Presentational Changes


In common with all UK corporates, in 2005 we adopted International Financial Reporting Standards (IFRS) as endorsed by the EU. The prior year comparative information has been restated on a consistent basis. Full details of the restatement and the reconciliations to our previously published UK GAAP financial information for the year ended 2 January 2005 were included in our announcement on 19 May 2005 which can be obtained from our website, www.cadburyschweppes.com.

The announcement in September of our intention to dispose of Europe Beverages and the completion of this transaction post year-end has had implications for the presentation of our financial statements. Under IFRS, Europe Beverages has been classified as a discontinued operation and consequently we are required to exclude its contribution from the Revenue, Profit from Operations, Financing and Taxation lines and include the after tax result (including any disposal costs incurred in 2005) as a single line on the face of the Income Statement. We have also re-presented the prior period on a consistent basis. However, the Cash Flow Statement continues to reflect the cash flows of the total Group, including Europe Beverages in both years. In the Balance Sheet IFRS requires the total assets and total liabilities of the discontinued operations to each be shown separately and excluded from the individual lines items of the balance sheet. However, in the Balance Sheet no re-presentation of the prior period is required and the assets and liabilities are included in the individual line items.


Income Statement - Continuing Operations


Revenue at £6.5 billion was 7% higher than last year at actual exchange rates. After excluding the additional week's trading in 2004, Revenue grew by 8% at reported exchange rates and 6% at constant exchange rates.
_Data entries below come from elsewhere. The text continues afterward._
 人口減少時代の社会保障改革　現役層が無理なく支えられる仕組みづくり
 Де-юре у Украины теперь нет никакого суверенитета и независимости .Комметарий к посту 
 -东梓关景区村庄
Acquisitions net of disposals had a broadly neutral effect on revenue growth. The most significant disposals to affect the year-on-year comparison were the disposal of Piasten in 2005 and the disposal of Moirs in 2004. The most significant acquisitions that affected the year-on-year comparison were the acquisition of Green & Black's in 2005 and Adams China in 2004.

Underlying Profit from Operations was up 8%. At constant currency and after excluding the impact of the 53rd week, the growth was also 8%. Marketing was up 2% or £16 million to £683 million at actual exchange rates. Underlying operating margins rose by 20 basis points from 15.7% to 15.9%. After adjusting for the additional week's trading in 2004 and movements in exchange rates, Underlying Operating margins grew by 30 basis points.
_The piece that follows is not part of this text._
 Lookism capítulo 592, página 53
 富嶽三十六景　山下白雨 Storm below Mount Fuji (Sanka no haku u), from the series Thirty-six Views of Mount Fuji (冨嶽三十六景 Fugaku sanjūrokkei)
Central costs increased from £149 million to £156 million, principally reflecting incremental investments in innovation and capabilities, notably the Building Commercial Capabilities programme.

The charge in respect of business restructuring was £72 million compared with £140 million last year, reflecting spend on Fuel for Growth initiatives. In 2005, we announced our intention to build a new green-field gum factory in Poland. Following commissioning of the factory in 2008, it is anticipated that we will reduce our gum supply requirements from Gumlink, a gum supplier in Europe and incur penalties under the terms of the supply agreement. As a result we will recognise restructuring costs in 2006 and 2007, estimated to be £10 million and £20 million respectively.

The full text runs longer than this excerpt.